# Task statement
Please output the data exactly, without omitting anything.

###

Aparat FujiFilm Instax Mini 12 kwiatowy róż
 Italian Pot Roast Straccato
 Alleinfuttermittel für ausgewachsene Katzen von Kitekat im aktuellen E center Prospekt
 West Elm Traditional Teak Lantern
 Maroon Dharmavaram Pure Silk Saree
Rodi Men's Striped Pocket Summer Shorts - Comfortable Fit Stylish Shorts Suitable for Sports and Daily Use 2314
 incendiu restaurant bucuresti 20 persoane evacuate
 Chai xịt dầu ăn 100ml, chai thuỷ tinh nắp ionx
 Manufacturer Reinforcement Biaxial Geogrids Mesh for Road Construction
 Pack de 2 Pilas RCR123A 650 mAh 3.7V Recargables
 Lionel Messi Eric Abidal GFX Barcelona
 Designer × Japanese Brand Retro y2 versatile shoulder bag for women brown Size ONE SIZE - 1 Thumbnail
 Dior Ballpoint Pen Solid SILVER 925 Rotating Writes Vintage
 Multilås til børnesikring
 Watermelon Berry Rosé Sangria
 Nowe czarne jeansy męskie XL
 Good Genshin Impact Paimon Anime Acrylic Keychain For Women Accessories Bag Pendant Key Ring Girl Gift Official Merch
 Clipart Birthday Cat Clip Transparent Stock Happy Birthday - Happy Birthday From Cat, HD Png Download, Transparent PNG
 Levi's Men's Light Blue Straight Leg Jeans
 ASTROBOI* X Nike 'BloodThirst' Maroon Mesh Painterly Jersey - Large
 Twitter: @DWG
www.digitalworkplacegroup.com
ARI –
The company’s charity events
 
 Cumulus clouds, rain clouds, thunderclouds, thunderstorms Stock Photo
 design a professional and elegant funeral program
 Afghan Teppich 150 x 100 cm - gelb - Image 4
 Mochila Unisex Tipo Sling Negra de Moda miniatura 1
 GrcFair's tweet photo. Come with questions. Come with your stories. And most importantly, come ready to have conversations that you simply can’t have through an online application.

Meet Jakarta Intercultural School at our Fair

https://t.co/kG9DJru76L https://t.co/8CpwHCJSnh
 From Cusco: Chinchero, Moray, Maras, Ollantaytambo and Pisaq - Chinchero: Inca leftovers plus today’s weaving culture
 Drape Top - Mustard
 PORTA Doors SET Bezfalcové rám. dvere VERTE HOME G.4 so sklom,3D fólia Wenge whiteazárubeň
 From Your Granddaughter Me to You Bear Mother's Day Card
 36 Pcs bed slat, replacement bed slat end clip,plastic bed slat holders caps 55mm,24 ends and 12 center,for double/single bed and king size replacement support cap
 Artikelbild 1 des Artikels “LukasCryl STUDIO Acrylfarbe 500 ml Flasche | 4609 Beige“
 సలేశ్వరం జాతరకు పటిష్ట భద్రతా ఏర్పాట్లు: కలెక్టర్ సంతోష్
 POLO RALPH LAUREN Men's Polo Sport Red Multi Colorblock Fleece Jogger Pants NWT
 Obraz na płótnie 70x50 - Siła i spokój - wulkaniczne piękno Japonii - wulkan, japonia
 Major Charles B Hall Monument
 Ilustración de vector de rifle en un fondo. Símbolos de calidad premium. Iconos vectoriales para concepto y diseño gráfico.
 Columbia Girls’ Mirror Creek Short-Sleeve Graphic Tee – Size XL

###

# Response for this exercise
Aparat FujiFilm Instax Mini 12 kwiatowy róż
 Italian Pot Roast Straccato
 Alleinfuttermittel für ausgewachsene Katzen von Kitekat im aktuellen E center Prospekt
 West Elm Traditional Teak Lantern
 Maroon Dharmavaram Pure Silk Saree
Rodi Men's Striped Pocket Summer Shorts - Comfortable Fit Stylish Shorts Suitable for Sports and Daily Use 2314
 incendiu restaurant bucuresti 20 persoane evacuate
 Chai xịt dầu ăn 100ml, chai thuỷ tinh nắp ionx
 Manufacturer Reinforcement Biaxial Geogrids Mesh for Road Construction
 Pack de 2 Pilas RCR123A 650 mAh 3.7V Recargables
 Lionel Messi Eric Abidal GFX Barcelona
 Designer × Japanese Brand Retro y2 versatile shoulder bag for women brown Size ONE SIZE - 1 Thumbnail
 Dior Ballpoint Pen Solid SILVER 925 Rotating Writes Vintage
 Multilås til børnesikring
 Watermelon Berry Rosé Sangria
 Nowe czarne jeansy męskie XL
 Good Genshin Impact Paimon Anime Acrylic Keychain For Women Accessories Bag Pendant Key Ring Girl Gift Official Merch
 Clipart Birthday Cat Clip Transparent Stock Happy Birthday - Happy Birthday From Cat, HD Png Download, Transparent PNG
 Levi's Men's Light Blue Straight Leg Jeans
 ASTROBOI* X Nike 'BloodThirst' Maroon Mesh Painterly Jersey - Large
 Twitter: @DWG
www.digitalworkplacegroup.com
ARI –
The company’s charity events
 
 Cumulus clouds, rain clouds, thunderclouds, thunderstorms Stock Photo
 design a professional and elegant funeral program
 Afghan Teppich 150 x 100 cm - gelb - Image 4
 Mochila Unisex Tipo Sling Negra de Moda miniatura 1
 GrcFair's tweet photo. Come with questions. Come with your stories. And most importantly, come ready to have conversations that you simply can’t have through an online application.

Meet Jakarta Intercultural School at our Fair

https://t.co/kG9DJru76L https://t.co/8CpwHCJSnh
 From Cusco: Chinchero, Moray, Maras, Ollantaytambo and Pisaq - Chinchero: Inca leftovers plus today’s weaving culture
 Drape Top - Mustard
 PORTA Doors SET Bezfalcové rám. dvere VERTE HOME G.4 so sklom,3D fólia Wenge whiteazárubeň
 From Your Granddaughter Me to You Bear Mother's Day Card
 36 Pcs bed slat, replacement bed slat end clip,plastic bed slat holders caps 55mm,24 ends and 12 center,for double/single bed and king size replacement support cap
 Artikelbild 1 des Artikels “LukasCryl STUDIO Acrylfarbe 500 ml Flasche | 4609 Beige“
 సలేశ్వరం జాతరకు పటిష్ట భద్రతా ఏర్పాట్లు: కలెక్టర్ సంతోష్
 POLO RALPH LAUREN Men's Polo Sport Red Multi Colorblock Fleece Jogger Pants NWT
 Obraz na płótnie 70x50 - Siła i spokój - wulkaniczne piękno Japonii - wulkan, japonia
 Major Charles B Hall Monument
 Ilustración de vector de rifle en un fondo. Símbolos de calidad premium. Iconos vectoriales para concepto y diseño gráfico.
 Columbia Girls’ Mirror Creek Short-Sleeve Graphic Tee – Size XL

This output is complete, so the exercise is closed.